Transcription Factors, Sigma Factors, and Regulatory RNAs Coordinate and Integrate the Staphylococcus aureus Stress Response

Abstract

Staphylococcus aureus infections impose a serious economic burden on healthcare facilities and patients because of the emergence of strains resistant to last-line antibiotics. Understanding the physiological processes governing fitness and virulence of S. aureus in response to environmental cues is critical for developing efficient diagnostics and treatments. CodY is an important global regulator that links the physiological state of the cell to the production of virulence factors in response to the availability of GTP and the branched-chain amino acids isoleucine, leucine, and valine (ILV). Additionally, small, regulatory RNAs (sRNAs) are emerging as important modulators of gene expression in S. aureus. My thesis focuses, in part, on furthering our understanding of the CodY regulon. In one case, I examined the impact of guanine nucleotides on S. aureus physiology and CodY activity. Blocking guanine nucleotide synthesis severely affects S. aureus fitness by altering metabolic and virulence gene expression.
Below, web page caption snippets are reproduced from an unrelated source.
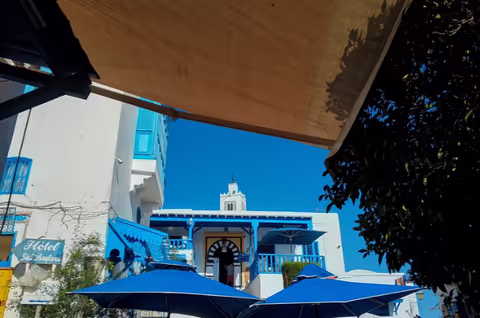 One day to see the ruins of Carthage and the Medina of Tunis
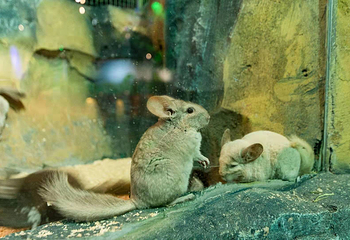 Cute zoo城市动物园第 2 张图片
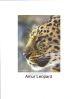 amurLeopard0004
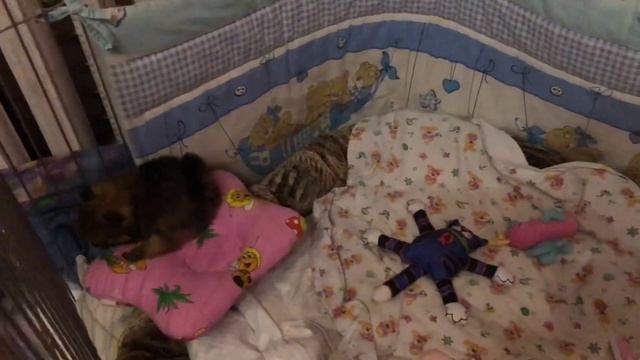 Игры щеночков шпица перед сном? смотреть онлайн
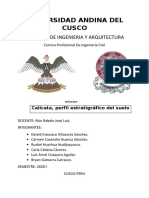 calicata laboratorio de suelos 2020.docx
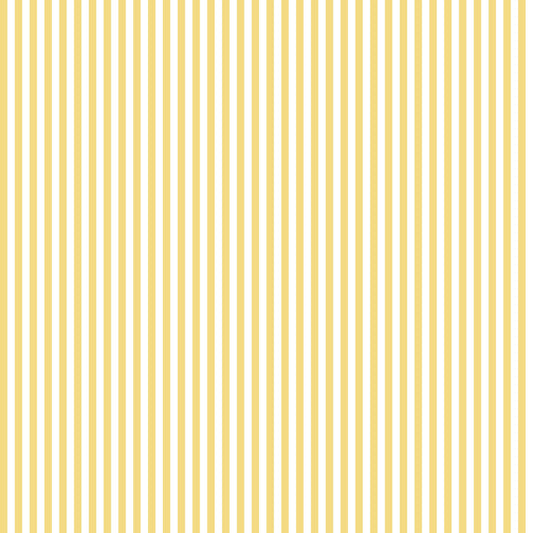 Yellow Clay Transfer Sheets / Transfer sheets / Tools for Clay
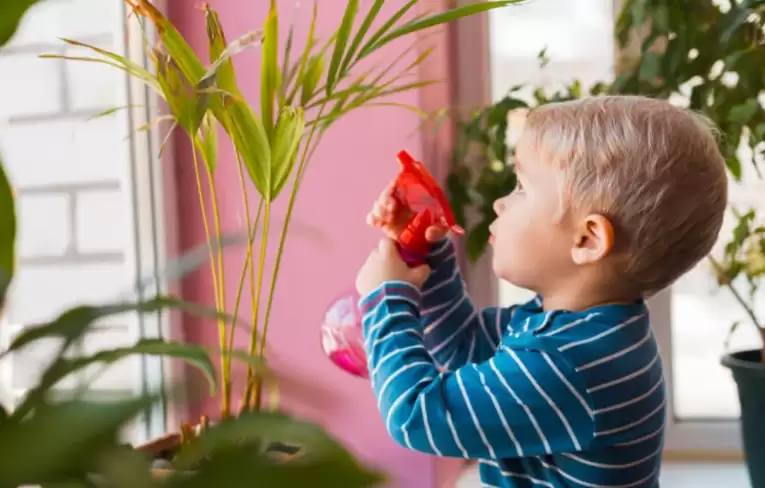 Названі кімнатні рослини, які є отруйними для дітей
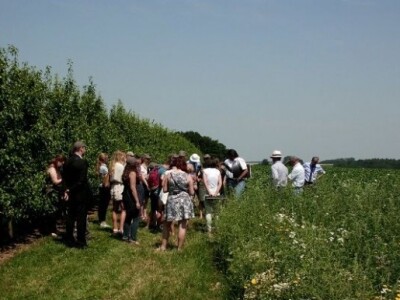 Polje šećerne repe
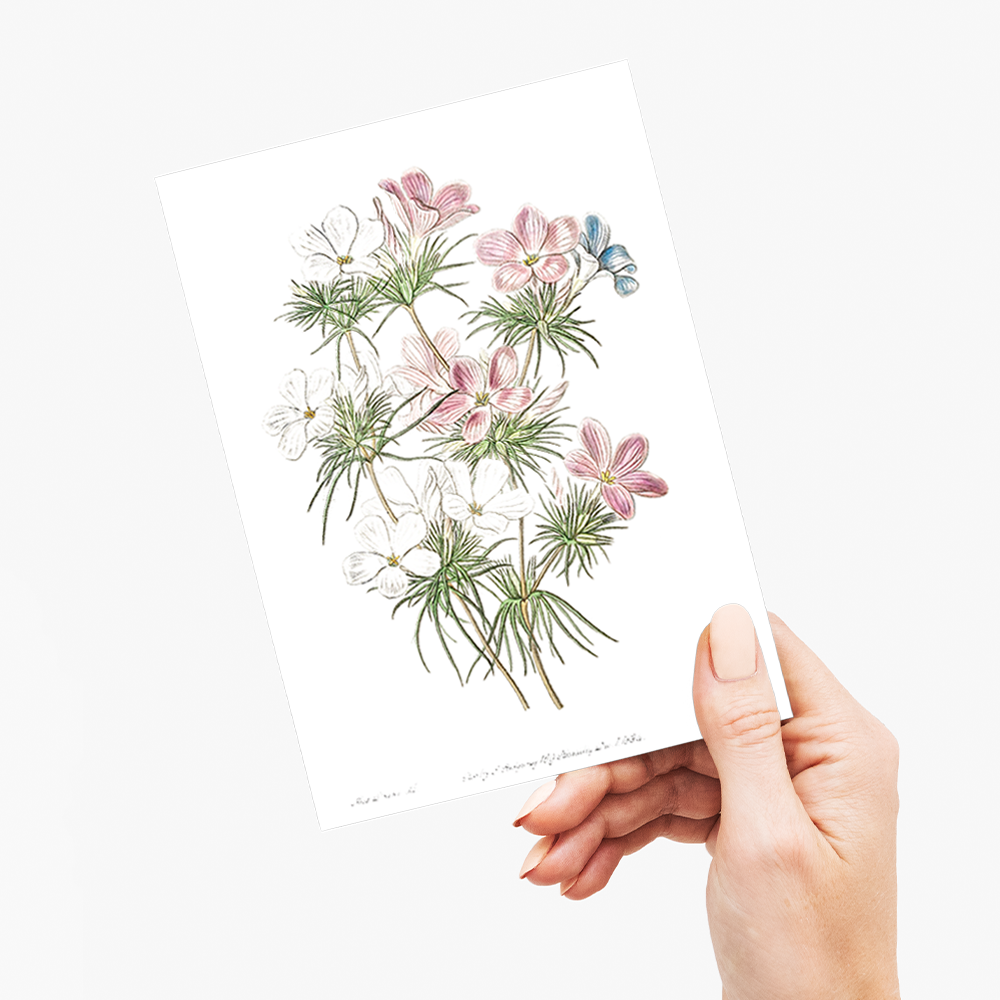 Thick-flowered slender-tube - Wenskaart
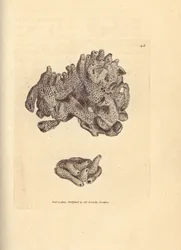 Breadcrumb sponge, Halichondria panicea (esponja tubular compacta; Spongia compacta). Gravura em chapa de cobre colorida à mão por James Sowerby de The British Miscellany, ou figuras coloridas de novos, raros, ou pouco conhecidos sujeitos animais.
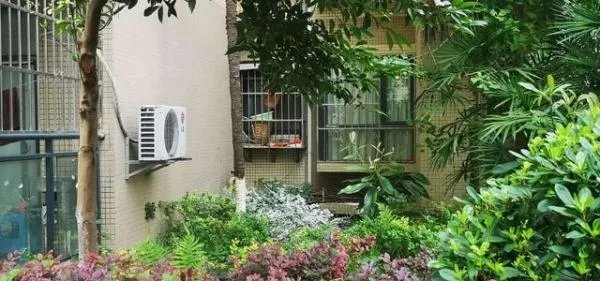 四川一小区绿化带发现男尸床上非常凌乱?死前经历了什么?
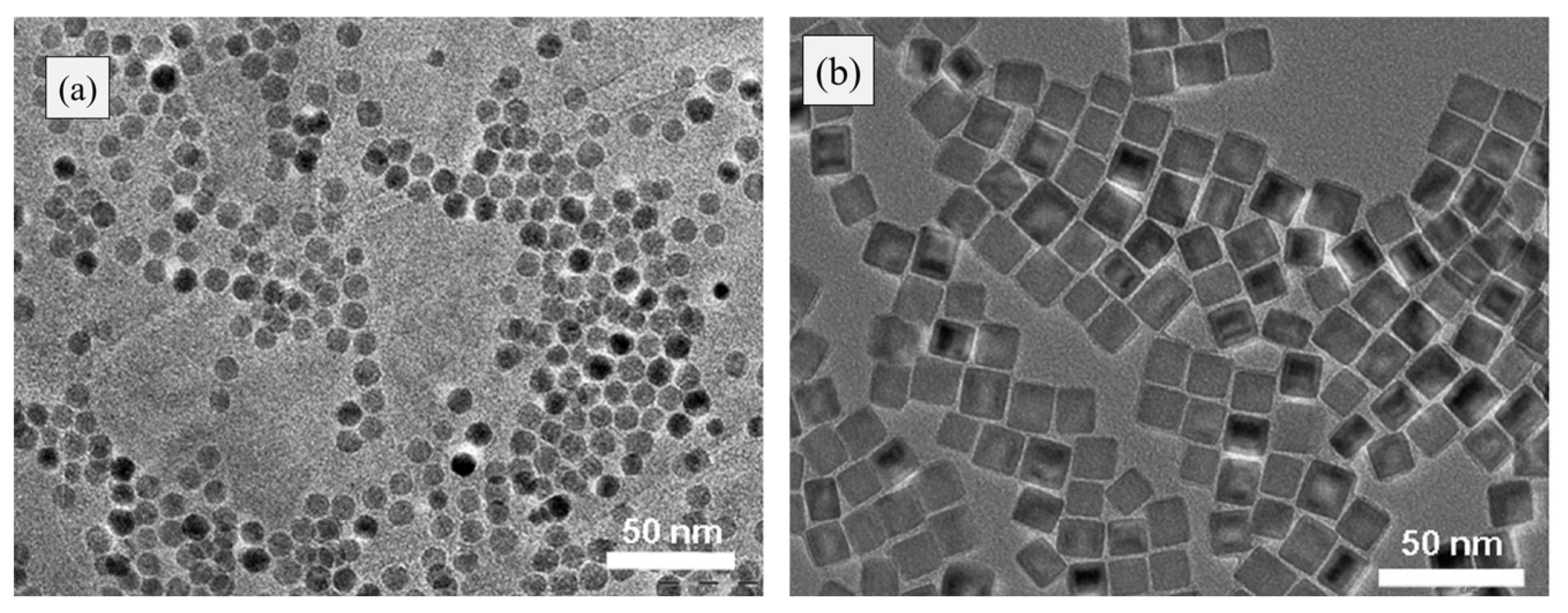 Materials 13 04644 g004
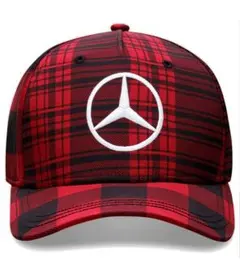 2026年最新】ルイス ハミルトンの人気アイテム - メルカリ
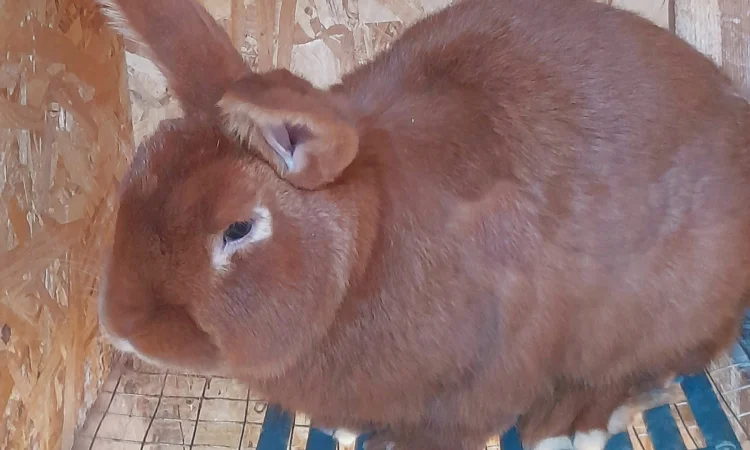 Продаю кролик Новозеландський бiлий, червоний. - фото № 7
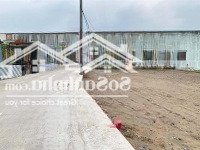 Hàng Hiếm, Nền Thổdiện Tích10X14,5M (142,5M2)Mặt Tiềnliên Ấp, Xe 16C Vào, Ngay Kcn Thuận Đạo, Giá Bán 1 Tỷ 570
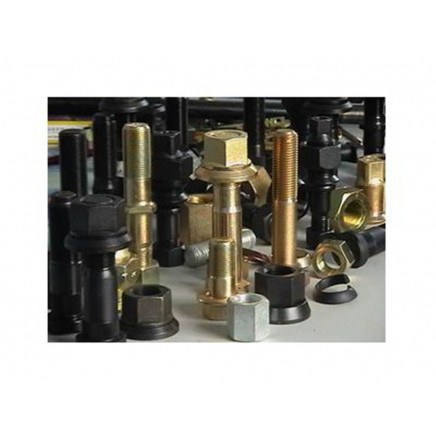 Various Wheel Bolt and Nut High Strength Wheel Bolt Nut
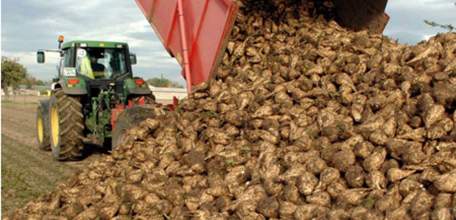 В Липецкой области собрано более 2 млн. тонн сахарной свеклы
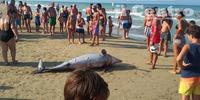Il delfino trovato sulla spiaggia di Pineto (foto di Luciano Adriani)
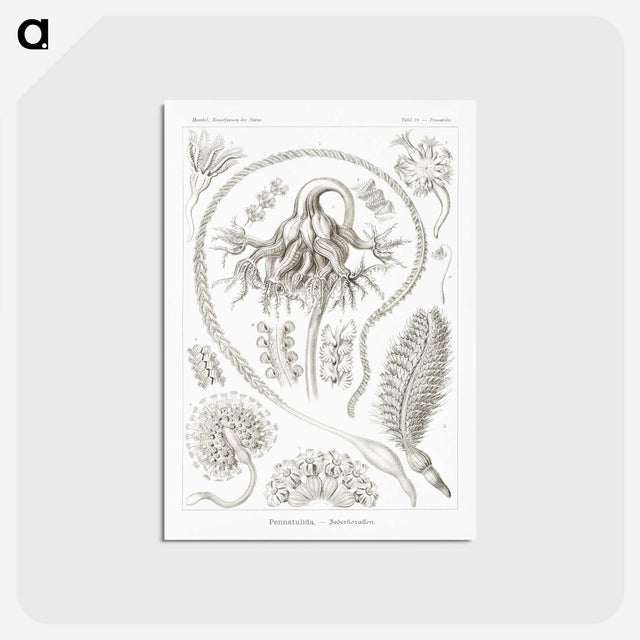 2-86_Ernst-Haeckel_postcard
Second, I probed further into the CodY regulon by analyzing the extent to which CodY exerts its effect through small regulatory RNAs (sRNAs). Specifically, I characterized RsaD, a trans-acting sRNA that is important for fine-tuning carbon source utilization in S. aureus. My dissertation work outlines a complex regulatory network that includes both protein and RNA-based regulators that works to adjust S. aureus physiology in response to environmental and intracellular signals.